Out of all the French cities that opted to boycott the World Cup, however, Paris’s move was the most puzzling one, critics said.
The city’s mighty Paris Saint-Germain (PSG) soccer club is owned by Qatar Sports Investments. And leftist Paris Mayor Anne Hidalgo, who unsuccessfully ran against Macron in presidential elections earlier this year, hasn’t shied away from showing public support for the team when it appeared to suit her city’s interests in the past.
When Brazilian soccer star Neymar transferred to PSG in 2017, Hidalgo’s administration allowed the Eiffel Tower to be lit up in the club colors.
“She relies heavily on the image of PSG,” Bernard Caïazzo, a shareholder of French soccer club AS Saint-Étienne, said in October.
In many ways, Paris’s boycott of a World Cup hosted by a country that owns the city’s most valuable soccer club has encapsulated the dilemmas many national teams, cities, and governments faced during this World Cup: Sending a stronger signal would often have gone against their own interests.
For David Samzun, mayor of the city of Saint-Nazaire in western France, and like Hidalgo a Socialist Party member, a World Cup boycott would have been “unsustainable.”
In an interview, Samzun accused Qatar of a “disrespect for human rights” and criticized this year’s tournament as “environmental nonsense.” But he also took aim at the Paris boycott, calling it “hypocritical” and suggesting that local officials should never have been brought into the current position in the first place.
Unlike many other towns, Saint-Nazaire will show the World Cup final in a public viewing area on Sunday. A public transmission of Wednesday’s semifinal already drew over 1,000 people to the city’s fan zone on a former submarine base.

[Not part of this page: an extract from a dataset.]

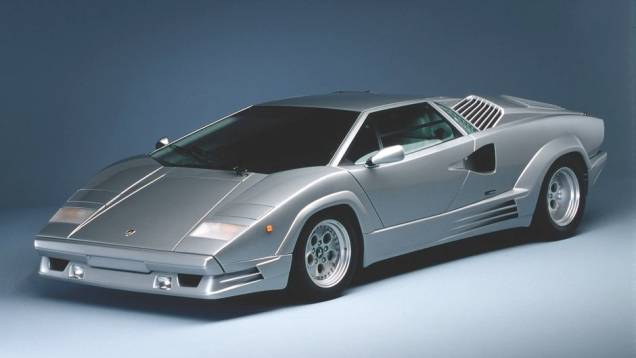 Countach 25º - Em 1988, um edição comemorativa do Countach marcou os primeiros 25 anos de atividade da Lamborghini, o Countach 25th Anniversary | <a href="%20https://preprod.quatrorodas.abril.com.br/reportagens/classicos/festa-bolonhesa-741081.shtml" rel="migration">Leia mais</a> Countach 25º - Em 1988, um edição comemorativa do Countach marcou os primeiros 25 anos de atividade da Lamborghini, o Countach 25th Anniversary | <a href="%20https://preprod.quatrorodas.abril.com.br/reportagens/classicos/festa-bolonhesa-741081.shtml" rel="migration">Leia mais</a>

“The economic crisis, the energy crisis, the war on the doorstep of Europe. When we look at the news, it’s all very sad,” he said.

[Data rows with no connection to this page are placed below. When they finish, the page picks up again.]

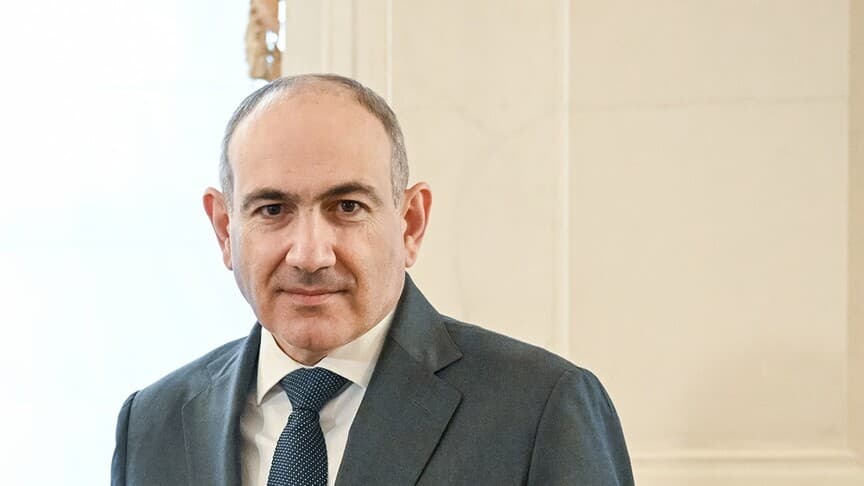 Paşinyan, Ermenistan-Türkiye demir yolunun hızla açılmasını bekliyor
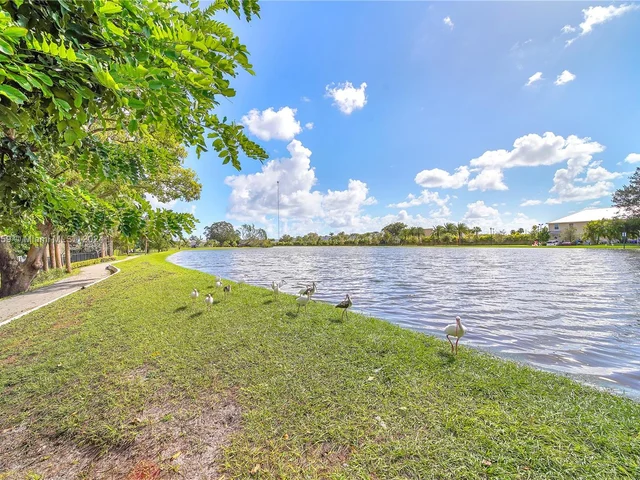 4350 Hillcrest Dr # 120, Hollywood FL 33021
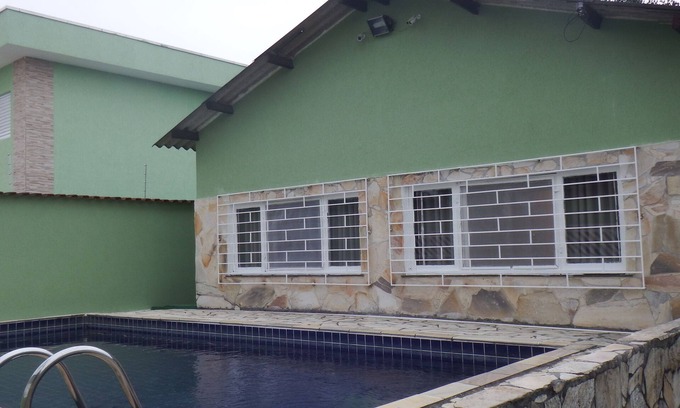 Jardim Santa Tereza House | Perfect with swimming pool, barbecue and 200m from the beach.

The World Cup, he added, is a rare chance to “bring people together, to seek out popular, joyful moments — and I think in France, we really need it.”
For Henrik Selin, a Boston University researcher focusing on global and regional politics, it’s an understandable position.
“There is a lot of evidence suggesting that FIFA is a thoroughly corrupt organization,” he said. “But I think that should be separated from the tournament once it has started.”
French cities’ boycotts seem to be “more about domestic politics than international relations,” he added. “I don’t think that helps to improve the human rights record in Qatar or any other country.”
But tournament critic Grün was more optimistic about the chances for change, largely because the focus on French officials’ role in awarding the World Cup to Qatar appears greater than ever.
“Unfortunately, it’s too late” for this World Cup, he said. But it “puts a lot more moral obligations on France for the future.”